# how long will



## micus (Jan 7, 2004)

hey guys, i was wondering how long the laterite i just put in will last, like how long before all the nutrients in teh tank are gone and i need new laterite stuff, will it ever end or does it have a shelf life type thing,

any answers would be great, thanks,


----------



## NavinWithPs (Apr 3, 2003)

it should say on the box/bag it was stored in. i think it said soemthing about changing it every year or so. not really sure. but as for depletion of nutrients, it depends on how many plants you have and if you occasionally mix around the laterite.


----------



## micus (Jan 7, 2004)

sh*t, sorry, its flourite, not laterite, sorry bout that,


----------



## P-Power (Jan 23, 2004)

ya.. I wanna know this as well...

That stoopid big pleco keeps digging up all the fluourite under the sand.. so I hope that it doesn't lose any nuttrients to the water


----------



## NavinWithPs (Apr 3, 2003)

should be the same i explained in the prev post... the only difference is that laterite is more concentrated, that's why you have to mix it with your existing gravel. it would be expensive to cover the tank with flourite if your tank is > 30 gallons... it's like what.. 20-25 bucks a bag??? i used 2 bags on a 20 long and it still wasn't thick enough...

make sure you put the flourite in first then genty add the water!


----------



## smithgrind_who (Mar 26, 2004)

I was reading Seachem's web page about flourite, "Thus the substrate should be self-sustaining for many years and should never actually require replacement." I am using Onxy Sand that is flourite too. I have used laterite and noticed it clouds the aquarium water.


----------



## micus (Jan 7, 2004)

smithgrind_who said:


> I was reading Seachem's web page about flourite, "Thus the substrate should be self-sustaining for many years and should never actually require replacement." I am using Onxy Sand that is flourite too. I have used laterite and noticed it clouds the aquarium water.

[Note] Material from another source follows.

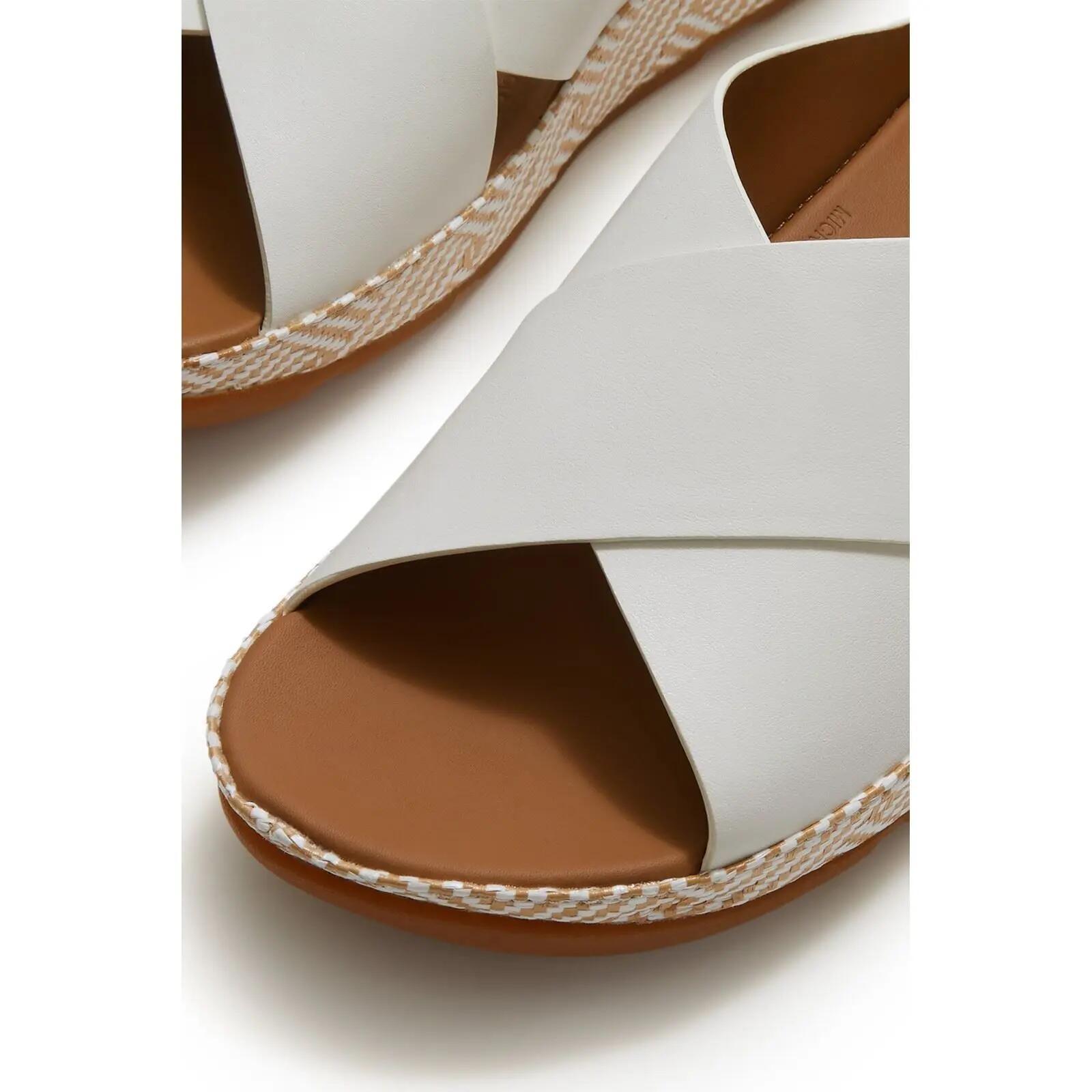FitFlop Lulu Lux Graphic-Weave Leather Cross Slides  URBAN WIT 42 5/7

 yeah it does, everytime u re arange everything it makes a dust cloud in the tank, but it settles down in like half an hour, then its completly clear again,

do u think i should get like laterite and mix it with my flourite,, or do u think that there is probably enough nutrients in my substrate as is?


----------



## Lonald (Jan 10, 2004)

ya


----------



## smithgrind_who (Mar 26, 2004)

Actually no. Laterite is a substrate for plants. I wouldn't waste your money and get another substrate for your tank. If you like the look of your tank now, the laterite will do it's job for a planted aquarium.


----------